## [THE INPUT]
——

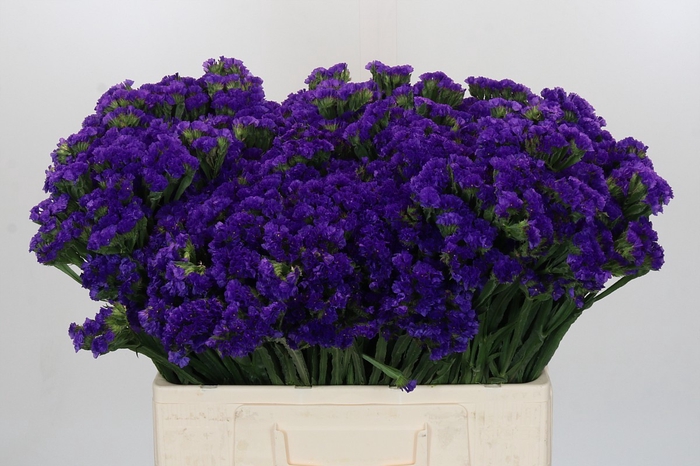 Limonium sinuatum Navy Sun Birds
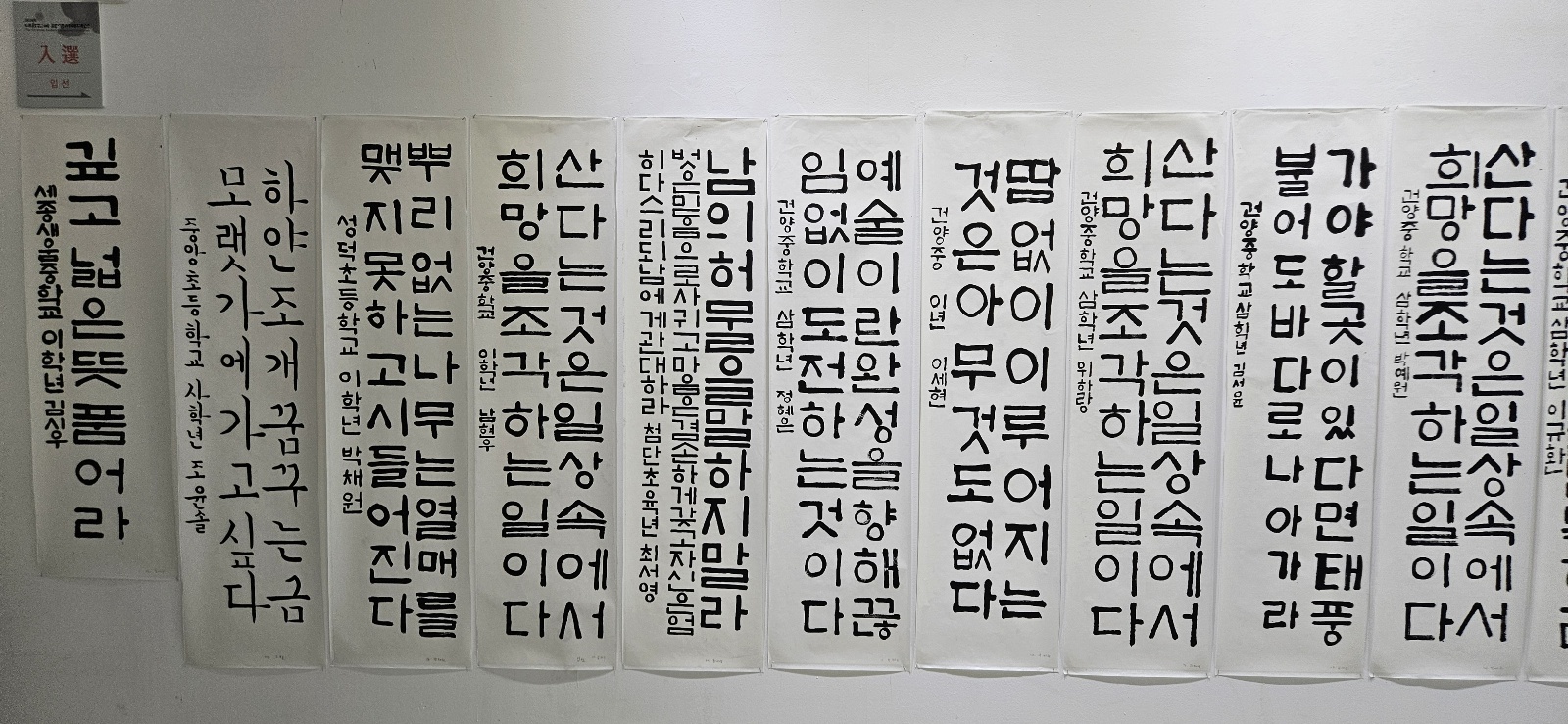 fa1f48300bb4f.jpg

——

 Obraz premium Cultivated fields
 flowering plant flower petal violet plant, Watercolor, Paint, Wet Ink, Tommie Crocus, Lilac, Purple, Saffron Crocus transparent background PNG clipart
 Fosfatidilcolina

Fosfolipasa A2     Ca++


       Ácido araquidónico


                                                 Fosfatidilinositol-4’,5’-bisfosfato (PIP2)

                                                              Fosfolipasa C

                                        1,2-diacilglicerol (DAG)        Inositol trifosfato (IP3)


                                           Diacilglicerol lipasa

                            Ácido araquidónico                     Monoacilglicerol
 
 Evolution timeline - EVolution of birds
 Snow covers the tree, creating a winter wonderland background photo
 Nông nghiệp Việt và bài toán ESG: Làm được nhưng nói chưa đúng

——

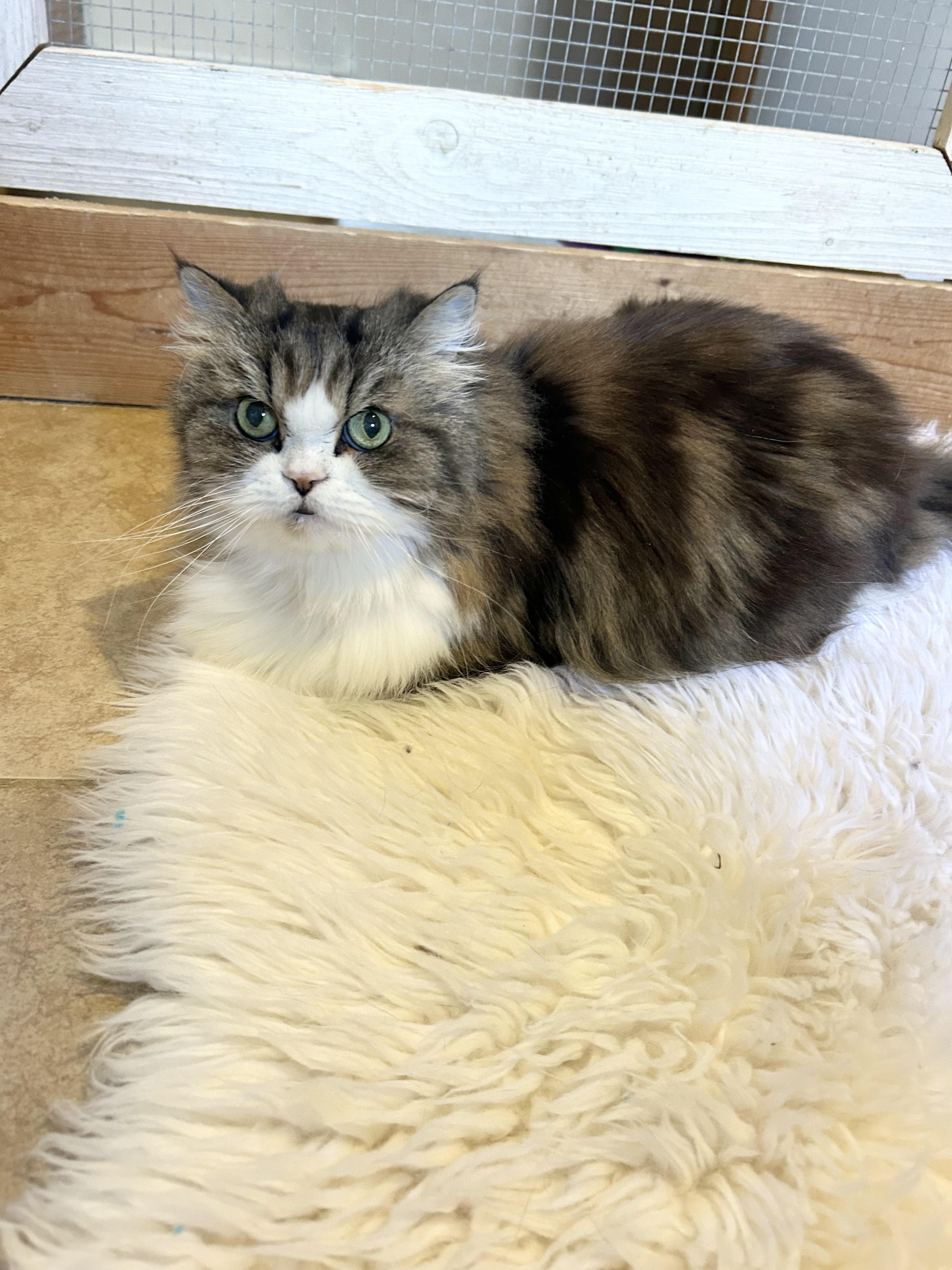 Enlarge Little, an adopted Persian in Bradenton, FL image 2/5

——

All lines above that contain "background" are required in the answer.

## [EXERCISE ANSWER]
 flowering plant flower petal violet plant, Watercolor, Paint, Wet Ink, Tommie Crocus, Lilac, Purple, Saffron Crocus transparent background PNG clipart
 Snow covers the tree, creating a winter wonderland background photo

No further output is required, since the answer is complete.